Es ist ein dunkler Dienstagmorgen Mitte Dezember, als sich insgesamt 130 Ermittler des LKAs in Leipzig auf den Weg machen. Ihr Ziel: Büros von Unister-Unternehmen und die Wohnungen einiger Manager. Am Unister-Hauptsitz im Barfußgäßchen beschlagnahmen die Beamten Computer und Akten-Stapel. Es ist die erste Razzia bei dem Portalbetreiber im Jahr 2012.

Die Generalstaatsanwaltschaft Dresden geht „gegen acht Führungsmitglieder wegen des Verdachts der unbefugten Geschäftstätigkeit und Steuerhinterziehung“ vor. Das sagte damals ein Sprecher zur Leipziger Volkszeitung. Tatsächlich reichte die Staatsanwaltschaft nach monatelangen Ermittlungen im Dezember 2013 eine Klage gegen den vor kurzem verunglückten Unister-Gründer Thomas Wagner und drei weitere Manager bei Gericht ein. Dann passierte – von außen betrachtet – sehr lange gar nichts. Bis heute ist es nicht zur Verhandlung gekommen.

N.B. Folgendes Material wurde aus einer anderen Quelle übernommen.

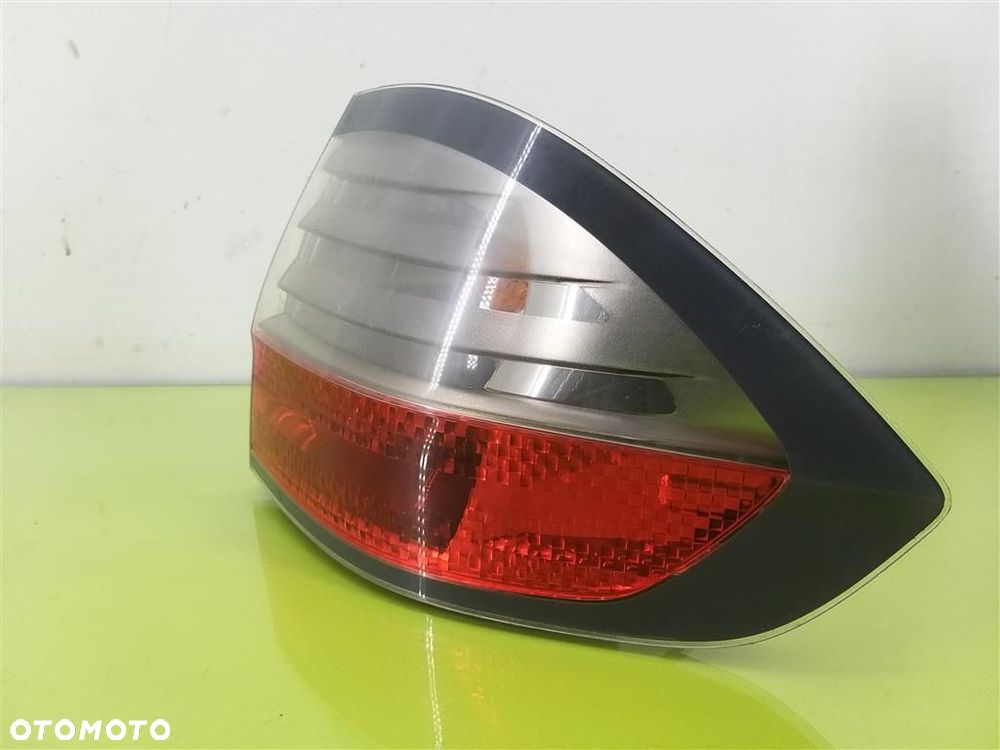 Lampa prawa tylna tył Ford S-MAX I 2006-2010 PRZED LIFT WERSJA EUROPEJSKA - 3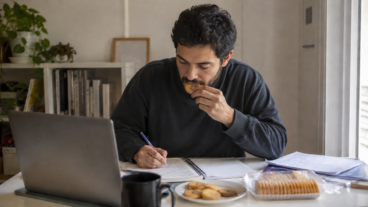 No es solo hambre: 5 razones por las que picoteas más cuando estás aburrido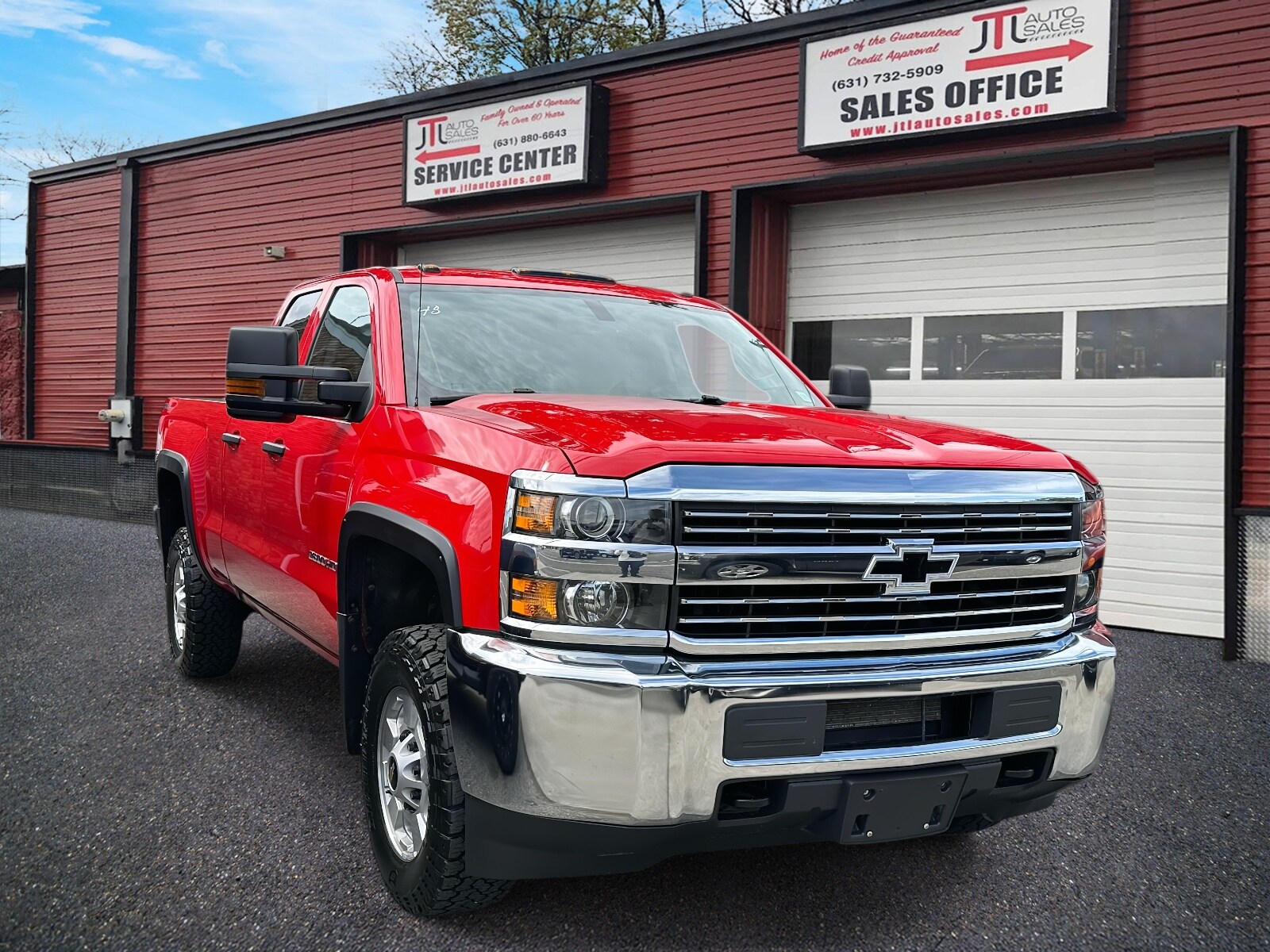 2016 Chevrolet Silverado 2500HD photo 2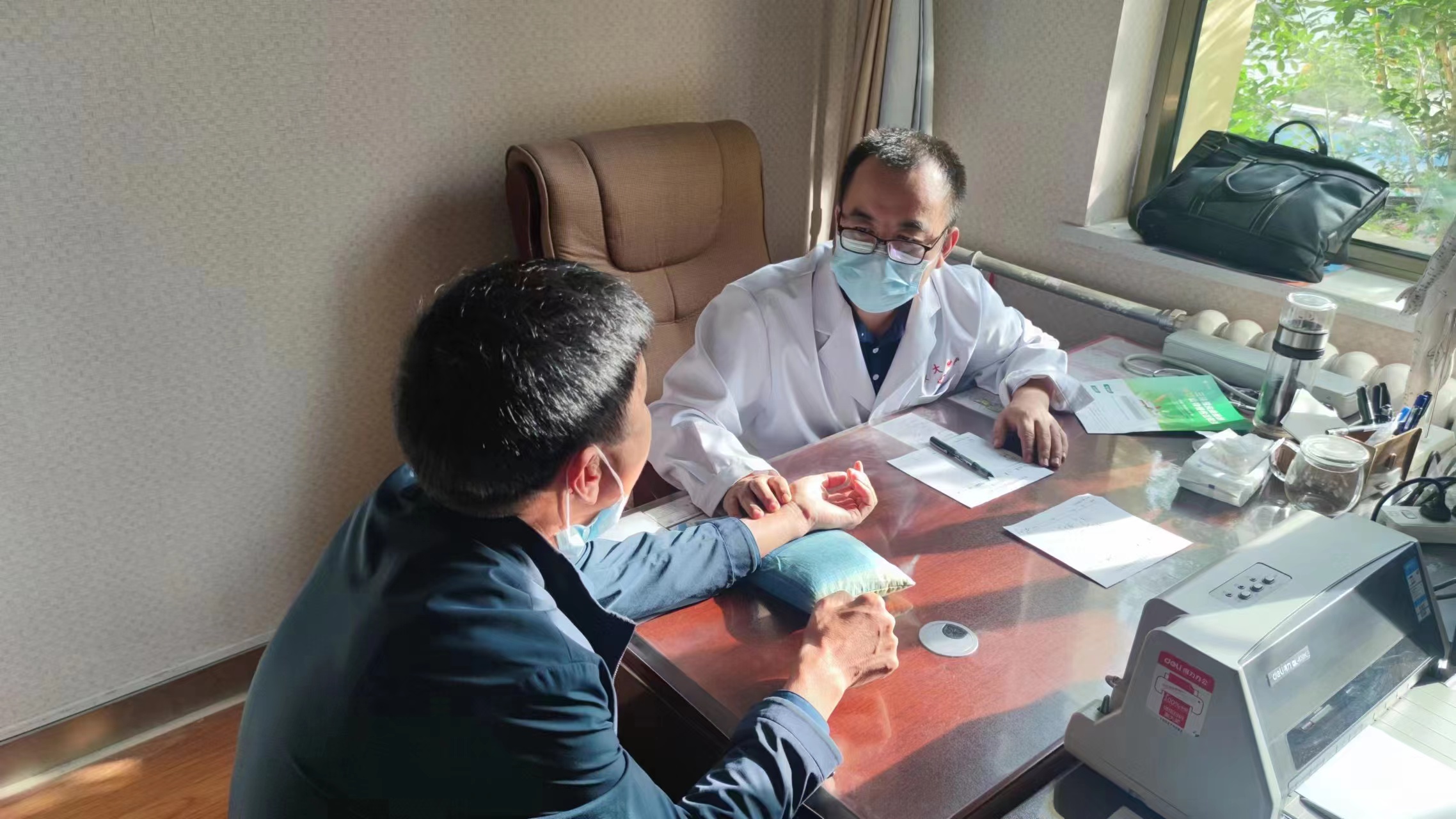 魏本君坐诊医院,兰州中医魏本君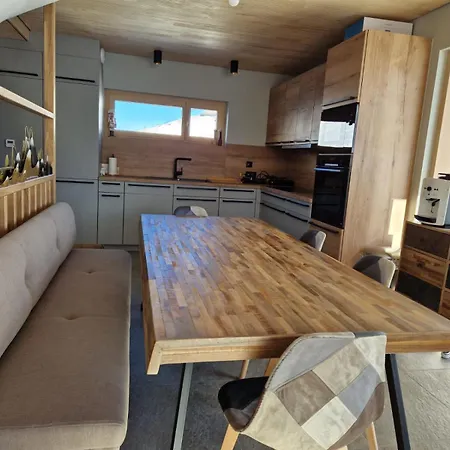 Le 4 Appartement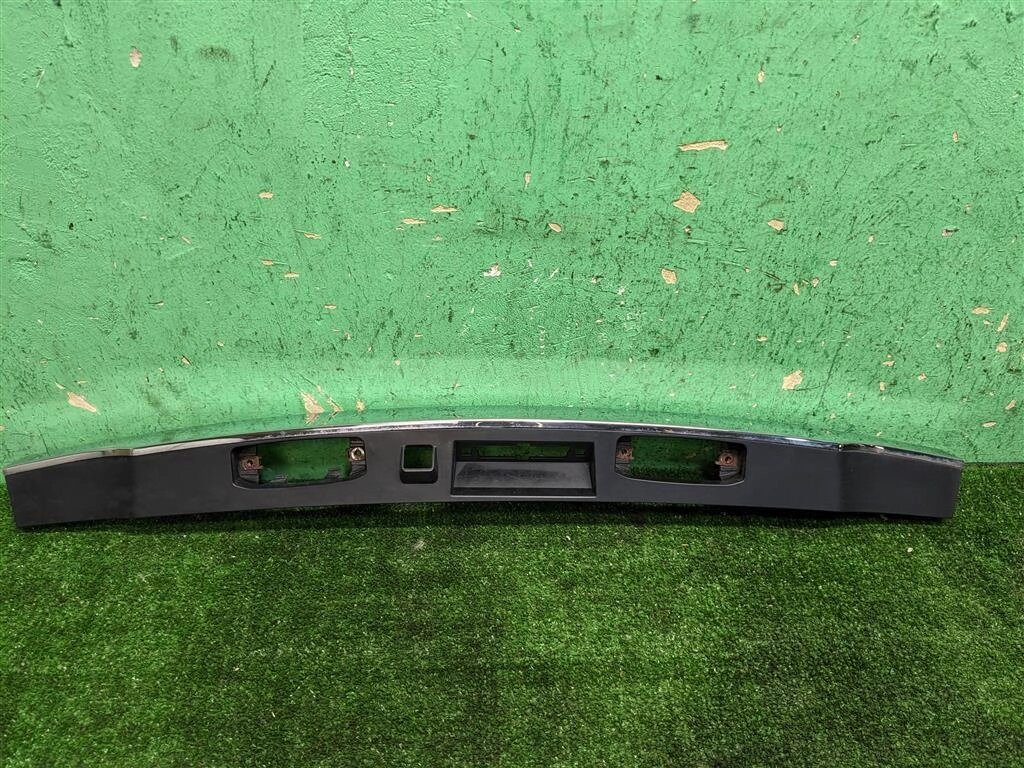 Накладка крышки багажника для Hyundai i40 873123Z100 от компании Авторазбор Моторист-НН - фото 1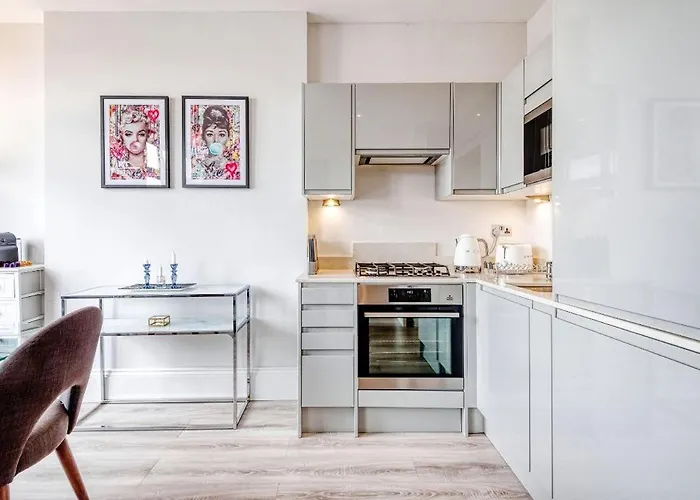 Elegant 1 Bed Apartment- Hampstead Village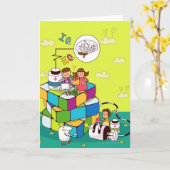 Junge mit einem Mädchen, das auf eines Rubiks Karte (Gelbe Blume)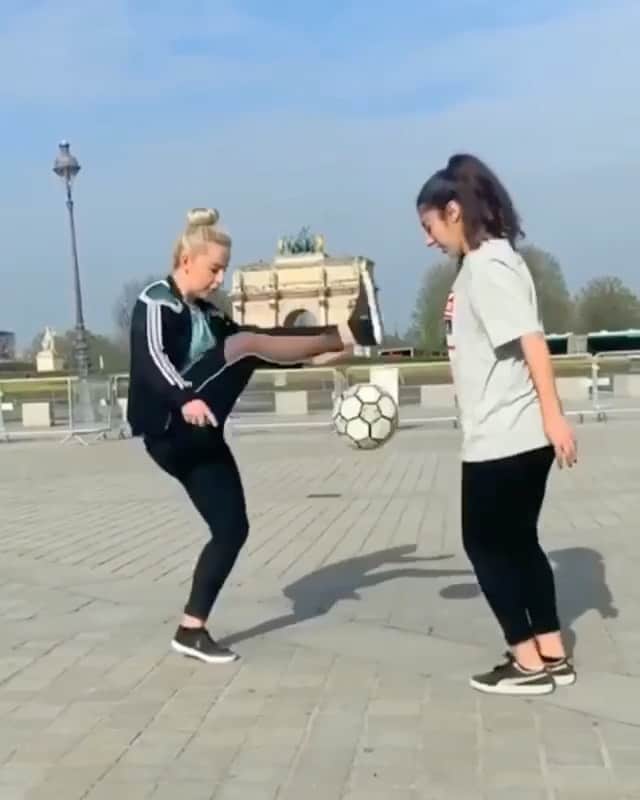 メジャー・レーザーのインスタグラム：「making it look effortless 👑 @lisafreestyle @livcookefs」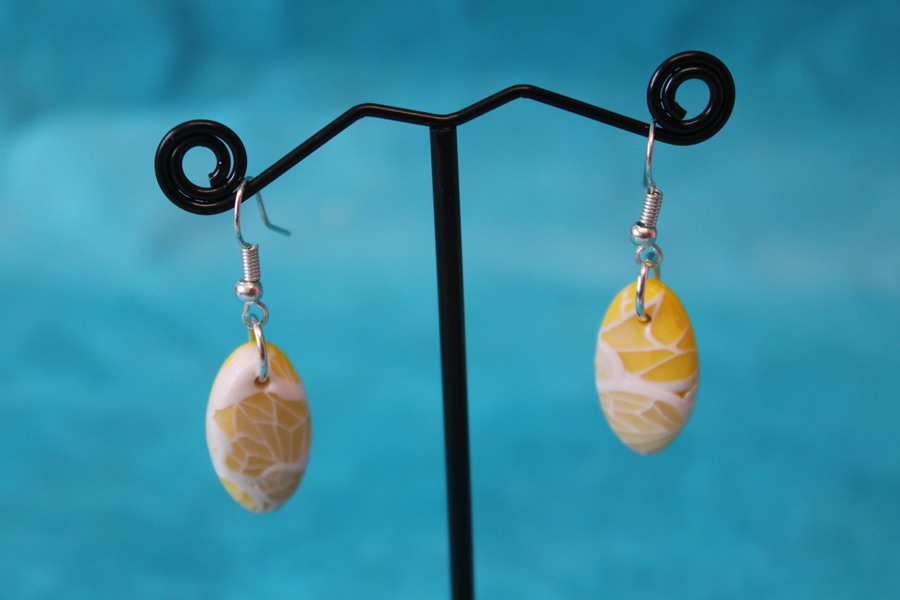 Boucle dOreille Ovale Pâte Polymère Jaune et Blanche (4)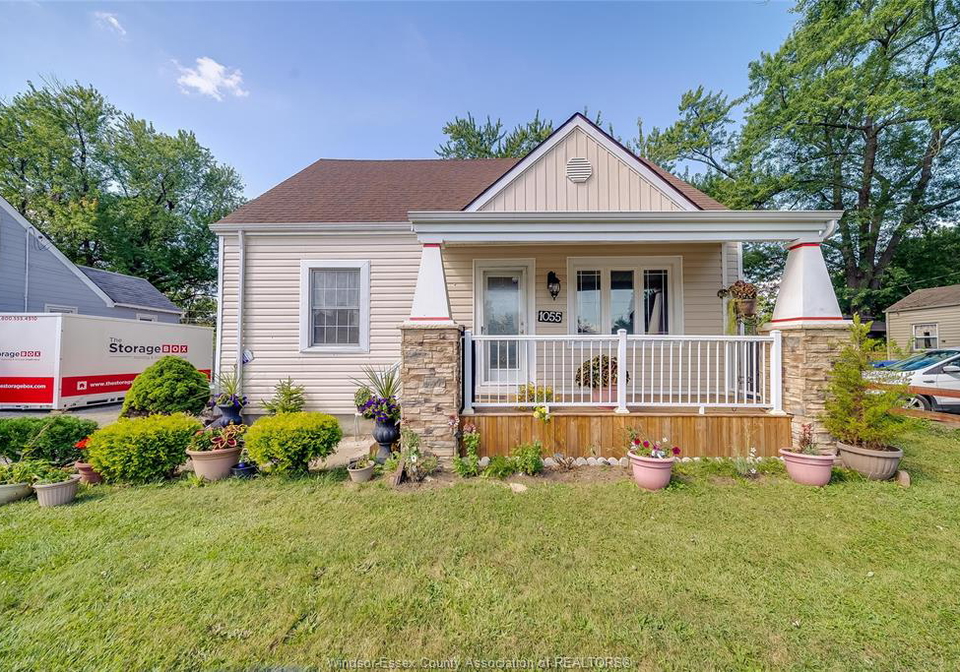 1055-jeferson-avenue-windsor-ontario-26020660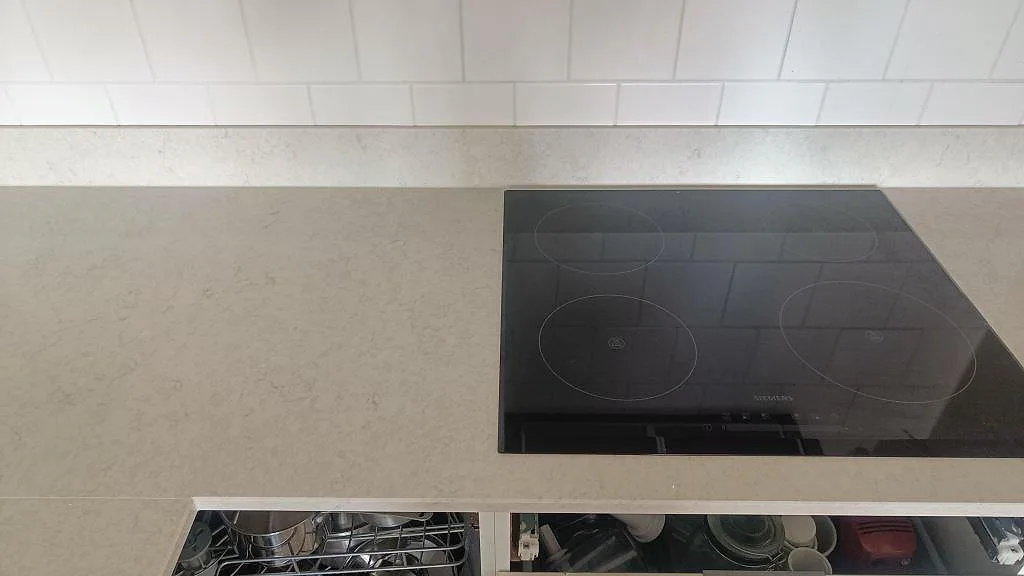 Køkkenbordplade i Silestone Snowy Ibiza, Göteborg – billede 3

Bei Verdächtigungen in Sachen Wirtschaftskriminalität passiert es häufig, dass Klagen lange bei Gericht liegen. Es dauert manchmal Jahre, bis entschieden wird, ob es überhaupt zu einem Prozess kommt. Für die Angeklagten hat das schlimme Folgen. Zwar gilt in Deutschland so lange die Unschuldsvermutung, bis das Gegenteil bewiesen wird. In der Praxis aber schaden bereits die Anklagen dem Ruf des Unternehmers und erschweren sein Geschäft.

Gleichzeitig können die Folgen äußerst problematisch sein, wenn ein Geschäftsmann tatsächlich schuldig ist. Dann kann er seine Praktiken lange weiterverfolgen, Verbraucher und Geschäftspartner werden geschädigt.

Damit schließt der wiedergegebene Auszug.